近藤昇の「仕事は自分で創れ!」

「仕事は自分で創れ!」ブレインワークスグループCEOの近藤昇が、日本とアジアをはじめとするエマージンググローバルエリアに対する思いやビジネスについて発信します。

知識を話す人と体験を話す人の違い

 

話の長い人、良くしゃべる人との付き合いは大変だ。

これは、世間の一般的な思いだと思う。

もちろん、話すのが苦手な人も沢山いるので、話し好きな人と話すのが苦手な人の役割は自然に決まっていくように思うが、実際には、話す人と聞く人との関係は結構複雑だ。

 

特に仕事がらみになると、様々に思惑がある場合が多く、友だちや知人との会話とは自ずと違う。

 

例えば、ビジネスの初対面であれば、自己PRというか、自分の実績や考えを相手に伝えることは大事である。要するに自分を相手の人に分かってもらう。という単純なことであるが、これもなかなか難しい。

 

最大の理由は、ビジネスは常に利害が一致するとは限らず、利害が相反することの方が多い。ビジネスには交渉は付き物だし、自己PRで自社や自分の実績を伝えるとしても、初対面では特に相手のことは、あまり分からない場合が多く、まずは自分の話が優先になってしまいがちだ。

 

これを逆に考えたら、人の話を聴くということはビジネスにおいては何よりも大事になってくることが分かる。

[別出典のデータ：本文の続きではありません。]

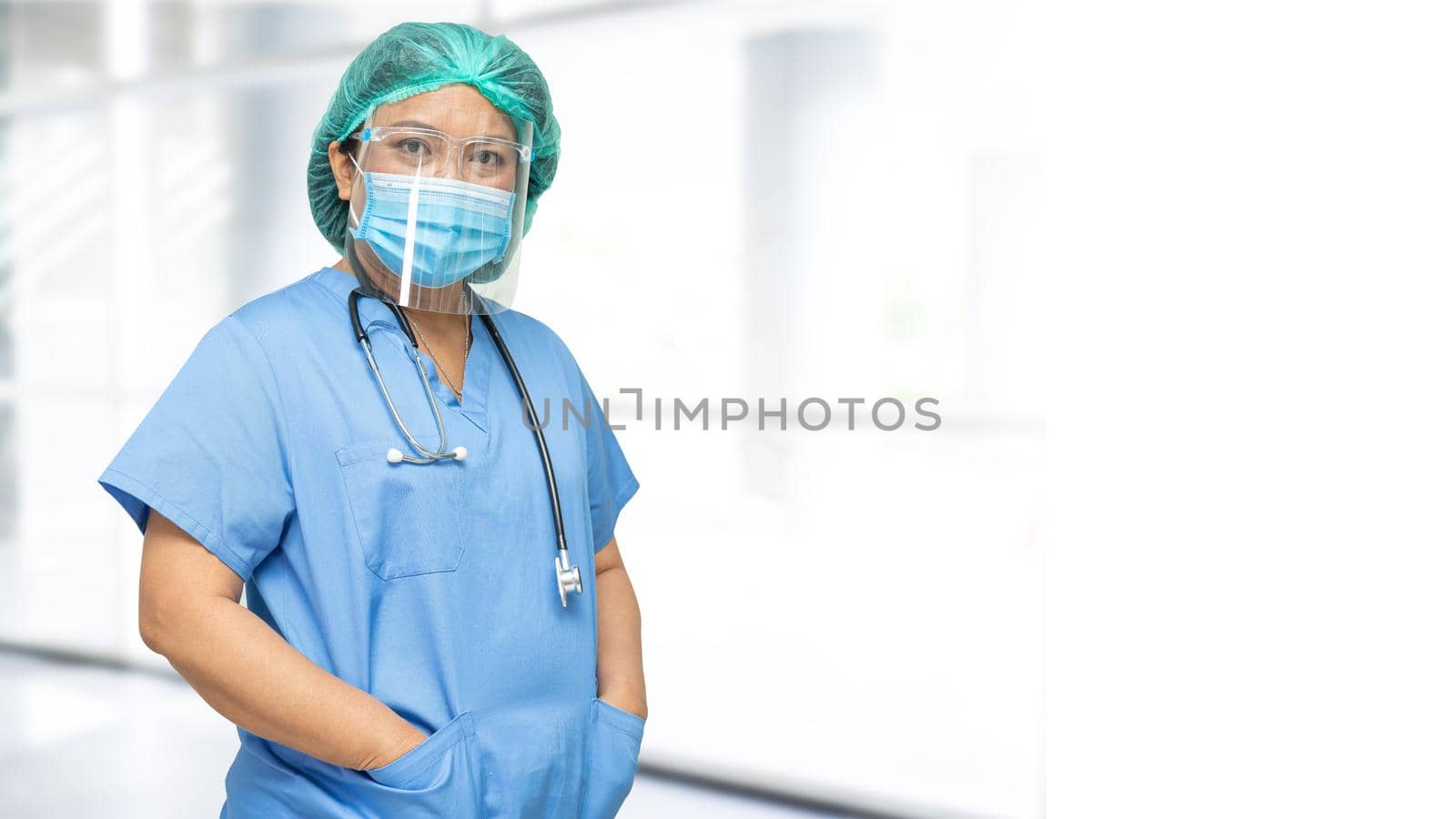 Asian doctor wearing face shield and PPE suit new normal to check patient protect safety infection Covid-19 Coronavirus outbreak at quarantine nursing hospital ward.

だからと言って、相手の自己PRをずっと聴き続けたら良いと言うものでもない。

社長同士の会話でも、時々、一方的に自分のことを話し続ける人がいる。そこまでいくと、自慢話ではなくてもそう思えてくる。

 

大事なことは、どちらが先に話するかではなく、相手の反応を感じながら、会話のキャッチボールができるかどうかである。

一方的に、自分の話だけして、かみ合わない人とは、どのみち長いお付き合いはできない。

 

私は特に、調和を重視するので、相手の経験や実績が私より上であろうが下であろうが、話の中身そのものより、会話しながら共感ポイントを見つける努力に集中する。

 

一人ずつ人生経験が違うわけだし、年齢もマチマチ。お一人お一人との出会いを楽しむのが私のスタイルだ。だから、一方的に自己PRをするだけの人とは、良い付き合いはできない。

かといって、私の自己PRを聞いてほしいのでもない。それは付き合っていけば、お互いに自然と分かることだから。

もっとも、仕事の立場もあるので、自己PRをしてほしいと言われれば、幾らでもするし、相手の自己PRで会話が始まれば、それには応じるようにしている。

 

人との出会いで何よりも大切なことは、せっかくの一期一会なので、長くお付き合いしたい。お互いの人生観や仕事感、体験や失敗話を共有したい。だから仕事の成功話や実績にはあまり興味がない。言い換えれば、未来の話に私は関心が強い。

 

話好きな人の中には、知識を語る人も結構多い。昔風に言えば、博学の人だ。

20年前ならいざ知らず、こういう知識重視の人の話は、価値がどんどん下がっていると私は思っている。

 

なぜならば、知識は世間やネットに溢れているからである。しかも、スマホなどで検索すれば幾らでも見つけることが出来る。

自分が疑問をもって、訊いたことに応えてくれるのならありがたいが、こっちの前提も確認もせず無視して自分の知識を話続ける人がたまにいる。

 

これは、小学校ぐらいの今どきの授業を想像すればよい。昔の学校は、先生の知識がほぼ絶対だった。それと教科書は連動していた。

 

今は違う。今の子供たちは普通にスマホやパソコンを使う。ゲームでこういうデジタル機器も慣れている。だから、その気になれば、先生よりも知識の検索は早い。今の子供の環境は、すでに先生が積みあげてきた知識量を上回っていることになる。

こんなとき、知識だけ教えてきた先生は大変だ。しかし、子供からしたら、そういう退屈な時間ではなく、先生から何を知りたいだろうか?何を教えてほしいだろうか?

 

しつけや社会のマナーは子供が望むかどうかは別として、大人が教えるべきことである。あとは、先生の体験や自身の考え、社会のことではなかろうか。

少なくとも、徐々に学校の勉強もこういう方向にシフトしていく。

 

 

 

話は元に戻るが、知識は相手が知りたいと言えば、話しするのでちょうど良い。だから、聞き手の関心度はキャッチしたいところだ。

私は知識よりも体験や失敗談が聴きたいが、それもやはり、相手が聴きたそうなら話しすればよい

いずれにしても、長い話はよくない。

 

相手が自分のどんな話を聴きたいのかを見極める、それが会話の始まりだと思う。